A draft of how the documentation would look is available at:

http://cis.jhu.edu/~dsimcha/d/phobos/std_parallelism.html

BTW, how are we working the review process for new modules?  Do they get reviewed here first, then in the NG, should they be posted directly to the NG, or what?

--Dave
August 29, 2010
I have tried it before, and based on that (unless you have made substantial changes since it's first incarnation as 'parallelfuture') I say it's good to go.

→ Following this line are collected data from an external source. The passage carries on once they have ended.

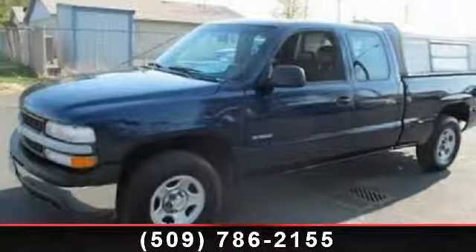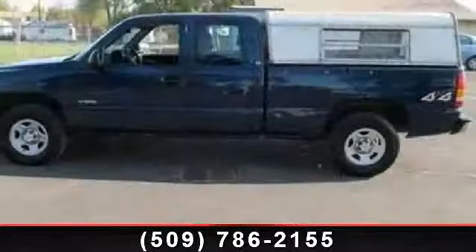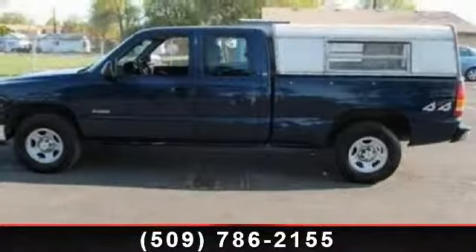Check out this 2001 Chevrolet Silverado 1500 LS. If you are looking for a first-rate auto, this one could be yours today.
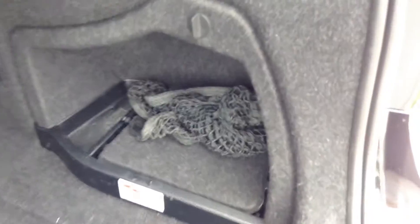All right, Greg, here's the trunk. Cargo net right there. Got the books right there, your owner's manuals.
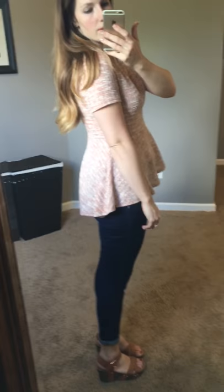And you can dress these up or down. I just have this one on here with jeans, but I actually wore this on Sunday to church with like a khaki pencil skirt and it looked really cute.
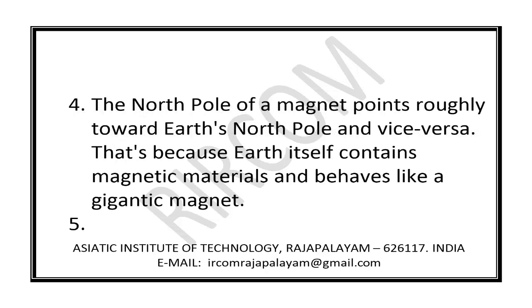Fact 4: The north pole of a magnet points roughly towards Earth's north pole and vice versa. Fact 5: That's because Earth itself contains magnetic materials and behaves like a giant magnet.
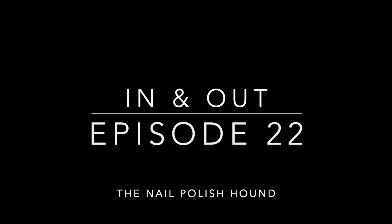Hi, it's Amanda the nail polish hound and welcome to another episode of In and Out. These are the things that have been coming in and out of my nail polish collection in the month of October 2021.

I only have two suggestions:

 1. Can we call it std.parallel instead?

 2. IMO, the killer feature of the module is the parallel foreach.
Therefore, I think parallel() should be moved to the top of the module,
so it's the first thing one sees upon reading the documentation.

-Lars


On Sun, 2010-08-29 at 13:56 -0400, David Simcha wrote:
> Since there seems to be interest in my parallelfuture library becoming std.parallelism even if it uses unchecked implicit sharing, I've cleaned up the code, removed anything that could possibly be construed as having been borrowed from Tango (which previously was just a few tiny, unoriginal ASM snippets) and improved the documentation.  I'm requesting review of it.  The code is available at:
> 
> http://dsource.org/projects/scrapple/browser/trunk/parallelFuture/std_parallelism.d
> 
> A draft of how the documentation would look is available at:
> 
> http://cis.jhu.edu/~dsimcha/d/phobos/std_parallelism.html
> 
> BTW, how are we working the review process for new modules?  Do they get reviewed here first, then in the NG, should they be posted directly to the NG, or what?
> 
> --Dave
> _______________________________________________
> phobos mailing list
> phobos at puremagic.com
> http://lists.puremagic.com/mailman/listinfo/phobos


August 29, 2010
  This is basically the latest incarnation of ParallelFuture, but with
improved documentation.  A lot has changed, though, since the first
incarnation.  Here are some of the more important changes:

1.  Parallel map and reduce.
2.  Merge Task and Future.
3.  foreach(i, elem; pool.parallel(range)) now works.
4.  ref foreach now works even for non-random access ranges.  (It's
implemented by incrementally copying pointers into an array.)
5.  Worker-local storage.

On 8/29/2010 4:42 PM, Lars Tandle Kyllingstad wrote:
> I have tried it before, and based on that (unless you have made substantial changes since it's first incarnation as 'parallelfuture') I say it's good to go.
>
> I only have two suggestions:
>
>   1. Can we call it std.parallel instead?
>
>   2. IMO, the killer feature of the module is the parallel foreach.
> Therefore, I think parallel() should be moved to the top of the module,
> so it's the first thing one sees upon reading the documentation.
>
> -Lars
>
>
> On Sun, 2010-08-29 at 13:56 -0400, David Simcha wrote:
>> Since there seems to be interest in my parallelfuture library becoming std.parallelism even if it uses unchecked implicit sharing, I've cleaned up the code, removed anything that could possibly be construed as having been borrowed from Tango (which previously was just a few tiny, unoriginal ASM snippets) and improved the documentation.  I'm requesting review of it.  The code is available at:
>>
>> http://dsource.org/projects/scrapple/browser/trunk/parallelFuture/std_parallelism.d
>>
>> A draft of how the documentation would look is available at:
>>
>> http://cis.jhu.edu/~dsimcha/d/phobos/std_parallelism.html
>>
>> BTW, how are we working the review process for new modules?  Do they get reviewed here first, then in the NG, should they be posted directly to the NG, or what?
>>
>> --Dave
>> _______________________________________________
>> phobos mailing list
>> phobos at puremagic.com
>> http://lists.puremagic.com/mailman/listinfo/phobos
>
> _______________________________________________
> phobos mailing list
> phobos at puremagic.com
> http://lists.puremagic.com/mailman/listinfo/phobos
>

August 31, 2010
Point (3) is pretty cool.  I just used your module for my current project at work, and the ability to get the index made the code a lot nicer.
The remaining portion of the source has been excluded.